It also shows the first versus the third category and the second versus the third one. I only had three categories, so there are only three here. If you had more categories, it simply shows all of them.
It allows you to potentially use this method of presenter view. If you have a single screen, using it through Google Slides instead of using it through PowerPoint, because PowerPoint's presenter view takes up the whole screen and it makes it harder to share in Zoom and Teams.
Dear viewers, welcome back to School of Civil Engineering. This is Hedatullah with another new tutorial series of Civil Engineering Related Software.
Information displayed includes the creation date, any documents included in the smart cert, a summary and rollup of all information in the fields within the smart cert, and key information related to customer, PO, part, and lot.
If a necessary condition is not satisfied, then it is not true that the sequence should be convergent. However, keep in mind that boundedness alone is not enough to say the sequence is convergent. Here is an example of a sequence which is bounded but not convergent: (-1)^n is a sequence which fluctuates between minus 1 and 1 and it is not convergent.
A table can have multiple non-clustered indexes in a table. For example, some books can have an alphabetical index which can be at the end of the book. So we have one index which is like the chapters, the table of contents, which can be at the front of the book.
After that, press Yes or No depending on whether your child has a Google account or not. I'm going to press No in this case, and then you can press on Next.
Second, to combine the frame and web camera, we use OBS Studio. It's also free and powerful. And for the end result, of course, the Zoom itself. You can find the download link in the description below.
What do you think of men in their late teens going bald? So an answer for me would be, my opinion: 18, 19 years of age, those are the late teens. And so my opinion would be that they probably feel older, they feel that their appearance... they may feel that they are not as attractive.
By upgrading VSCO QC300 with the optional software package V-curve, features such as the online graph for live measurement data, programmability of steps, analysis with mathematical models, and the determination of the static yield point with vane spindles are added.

== == ==

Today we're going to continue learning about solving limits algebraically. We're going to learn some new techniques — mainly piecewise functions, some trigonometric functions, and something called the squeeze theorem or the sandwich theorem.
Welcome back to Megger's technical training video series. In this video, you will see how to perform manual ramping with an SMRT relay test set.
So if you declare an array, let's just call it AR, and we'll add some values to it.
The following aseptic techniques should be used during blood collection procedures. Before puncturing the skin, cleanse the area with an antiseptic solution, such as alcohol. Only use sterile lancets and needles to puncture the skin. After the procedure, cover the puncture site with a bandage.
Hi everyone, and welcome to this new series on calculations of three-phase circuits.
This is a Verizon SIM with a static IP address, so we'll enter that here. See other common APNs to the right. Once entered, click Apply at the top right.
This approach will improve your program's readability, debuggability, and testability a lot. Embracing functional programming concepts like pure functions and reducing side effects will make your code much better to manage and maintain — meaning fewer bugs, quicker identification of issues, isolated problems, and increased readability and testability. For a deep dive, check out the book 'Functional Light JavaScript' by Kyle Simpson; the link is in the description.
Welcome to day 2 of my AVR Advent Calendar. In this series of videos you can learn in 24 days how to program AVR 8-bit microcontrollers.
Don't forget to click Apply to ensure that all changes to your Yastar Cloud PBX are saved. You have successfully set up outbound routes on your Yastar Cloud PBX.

== == ==

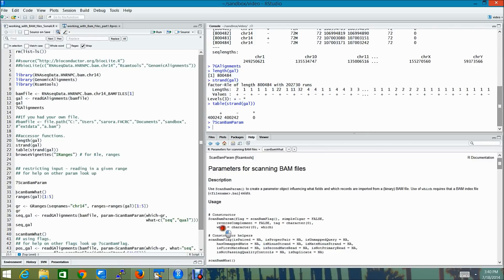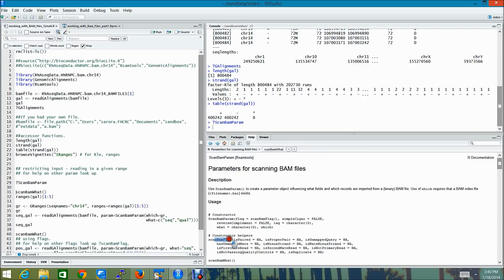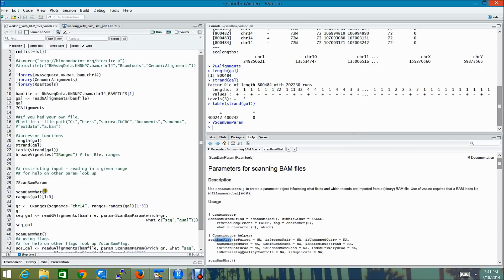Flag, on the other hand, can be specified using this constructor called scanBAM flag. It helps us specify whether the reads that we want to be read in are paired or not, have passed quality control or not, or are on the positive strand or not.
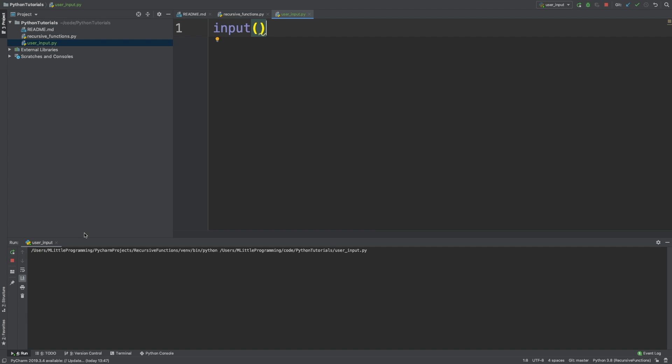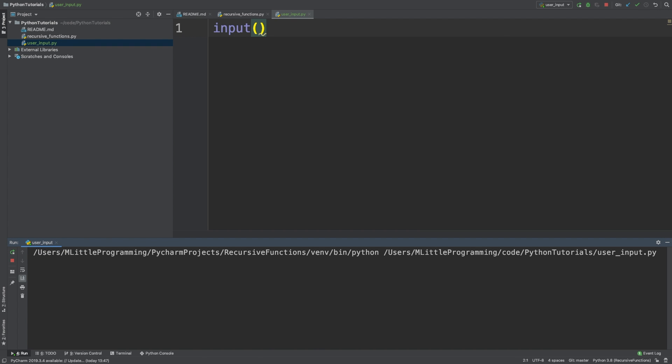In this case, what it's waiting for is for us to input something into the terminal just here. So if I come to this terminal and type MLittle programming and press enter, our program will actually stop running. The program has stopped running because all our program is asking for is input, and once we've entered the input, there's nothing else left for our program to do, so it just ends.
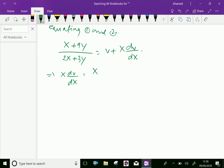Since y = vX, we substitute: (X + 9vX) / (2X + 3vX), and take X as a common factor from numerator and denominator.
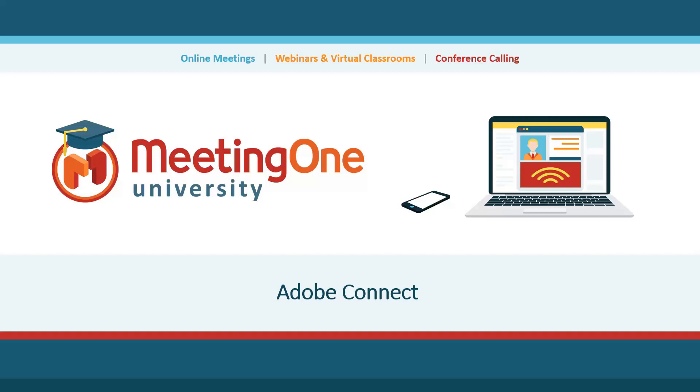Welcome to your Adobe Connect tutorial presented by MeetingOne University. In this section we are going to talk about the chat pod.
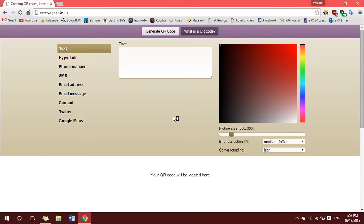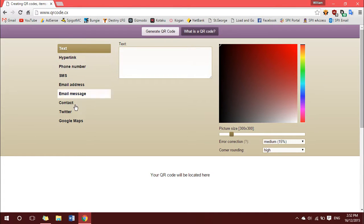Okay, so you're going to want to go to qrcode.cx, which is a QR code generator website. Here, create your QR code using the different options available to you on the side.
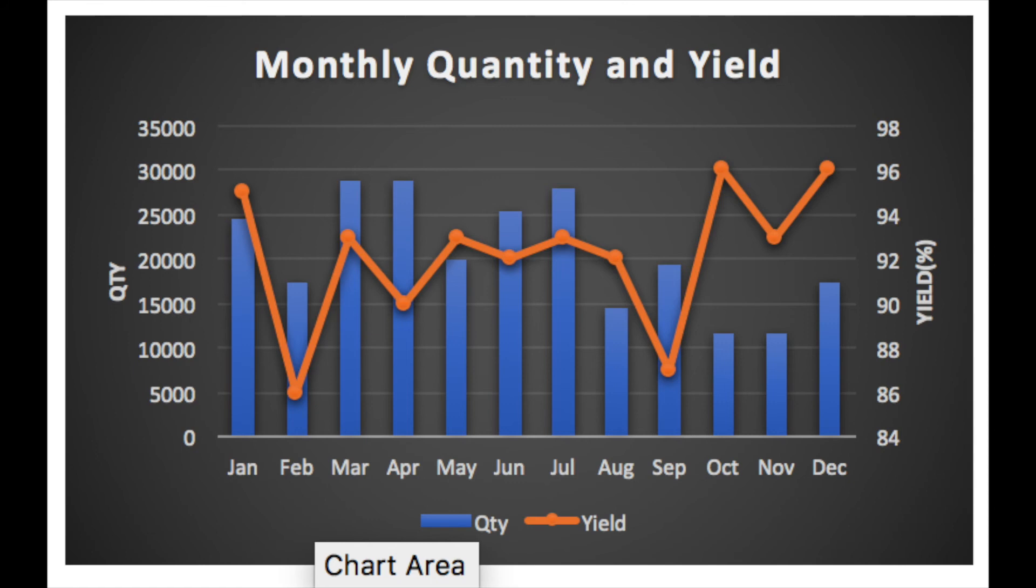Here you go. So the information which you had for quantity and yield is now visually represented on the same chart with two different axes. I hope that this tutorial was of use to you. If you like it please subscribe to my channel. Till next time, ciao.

== == ==

WHAT TO PRODUCE >> Only lines containing "Google" belong in the answer; copy every such line from the records.

REPLY TO THE TASK >>
It allows you to potentially use this method of presenter view. If you have a single screen, using it through Google Slides instead of using it through PowerPoint, because PowerPoint's presenter view takes up the whole screen and it makes it harder to share in Zoom and Teams.
After that, press Yes or No depending on whether your child has a Google account or not. I'm going to press No in this case, and then you can press on Next.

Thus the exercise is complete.